The Midlands has a wealth of art galleries and museums hosting a range of fantastic exhibitions - both permanent and temporary. Here's a selection of what's showing across the region. 

MIKE SILVA EXHIBITION

London-based artist Mike Silva uses a personal archive of photographic material as the inspiration for his paintings - works of art in which he focuses on capturing subtle shifts of light and shadow within moments that are quietly and intimately observed...

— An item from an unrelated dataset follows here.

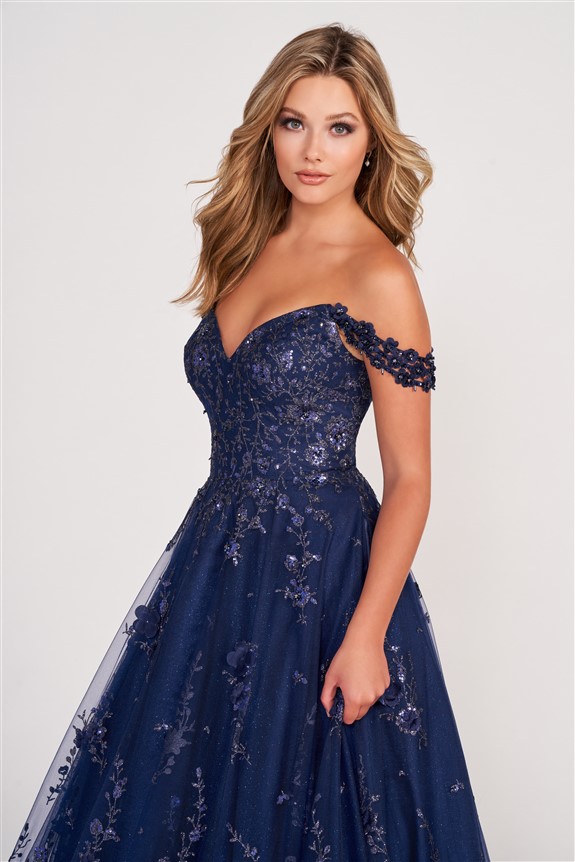 Navy lace prom dress with bardot shoulder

This solo exhibition brings together a selection of Mike’s new and recent paintings. These include portraits of acquaintances, friends and lovers, as well as the interior spaces in which the subjects of his paintings spend or spent their time.

“I really wanted to paint with the aggression of punk,” Mike told the Guardian a couple of years back, “but I can’t do it. Instead, the works express a sensitivity... a vulnerability to my character that I’ve always been a bit embarrassed about. More Nick Drake than The Clash!”

Mead Gallery, Warwick Arts Centre, Coventry, until Sunday 22 June

Mike Silva Exhibition


SEULGI LEE

New pieces commissioned by Ikon form part of Seulgi Lee’s first solo exhibition in the UK. The Seoul artist and Paris resident  creates work which reflects her interest in the relationship that exists between craft practices and the language system. To do so, she has developed a unique sculptural vocabulary in which she often combines conceptual approaches with artisanal methods.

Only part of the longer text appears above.